EXERCISE GOAL: Each line from the one with "Kalem ve gözlüklerle" to the final line of the data must be reproduced exactly, and no other line may appear.

Excerpts from a dataset:

━━━━━━━━━━━━━━━━━━━━

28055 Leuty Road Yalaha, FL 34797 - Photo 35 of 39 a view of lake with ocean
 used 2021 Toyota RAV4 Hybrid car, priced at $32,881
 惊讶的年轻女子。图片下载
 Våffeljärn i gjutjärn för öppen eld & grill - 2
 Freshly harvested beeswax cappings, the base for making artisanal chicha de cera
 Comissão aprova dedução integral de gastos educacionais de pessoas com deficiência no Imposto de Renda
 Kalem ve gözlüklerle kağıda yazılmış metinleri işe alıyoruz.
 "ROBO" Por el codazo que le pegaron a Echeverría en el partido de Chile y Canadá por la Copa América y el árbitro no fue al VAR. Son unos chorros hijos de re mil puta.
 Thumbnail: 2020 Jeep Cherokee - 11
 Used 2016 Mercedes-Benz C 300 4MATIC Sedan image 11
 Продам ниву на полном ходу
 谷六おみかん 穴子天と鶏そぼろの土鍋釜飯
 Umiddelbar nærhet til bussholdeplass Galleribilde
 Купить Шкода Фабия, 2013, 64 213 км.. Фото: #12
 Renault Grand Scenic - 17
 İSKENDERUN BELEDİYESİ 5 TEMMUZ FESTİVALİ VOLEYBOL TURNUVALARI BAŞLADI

━━━━━━━━━━━━━━━━━━━━

OUTPUT FOR THIS EXERCISE:
 Kalem ve gözlüklerle kağıda yazılmış metinleri işe alıyoruz.
 "ROBO" Por el codazo que le pegaron a Echeverría en el partido de Chile y Canadá por la Copa América y el árbitro no fue al VAR. Son unos chorros hijos de re mil puta.
 Thumbnail: 2020 Jeep Cherokee - 11
 Used 2016 Mercedes-Benz C 300 4MATIC Sedan image 11
 Продам ниву на полном ходу
 谷六おみかん 穴子天と鶏そぼろの土鍋釜飯
 Umiddelbar nærhet til bussholdeplass Galleribilde
 Купить Шкода Фабия, 2013, 64 213 км.. Фото: #12
 Renault Grand Scenic - 17
 İSKENDERUN BELEDİYESİ 5 TEMMUZ FESTİVALİ VOLEYBOL TURNUVALARI BAŞLADI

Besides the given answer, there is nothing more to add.